- _Task instructions_
Copy out exactly, from the entries that follow, the line holding "Dante online show from May 2, 6:24 pm", the line holding "A-Line Jewel Sweep", and all lines between them, but no pictures.

- _Data for analysis_
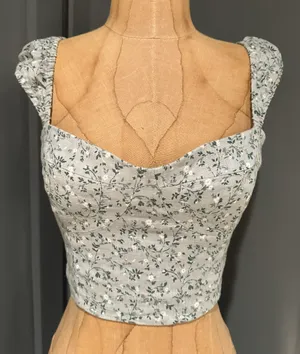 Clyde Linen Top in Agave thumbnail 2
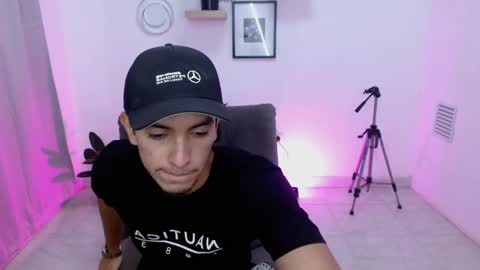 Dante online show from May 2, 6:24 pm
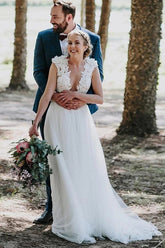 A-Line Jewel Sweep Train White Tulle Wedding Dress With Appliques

--

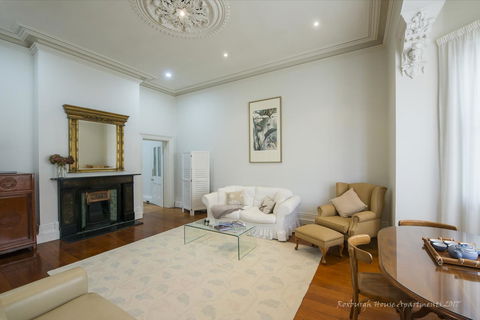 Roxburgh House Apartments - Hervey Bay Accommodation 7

==

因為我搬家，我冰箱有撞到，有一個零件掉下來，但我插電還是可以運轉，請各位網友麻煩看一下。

- _Response_
 Dante online show from May 2, 6:24 pm
 A-Line Jewel Sweep Train White Tulle Wedding Dress With Appliques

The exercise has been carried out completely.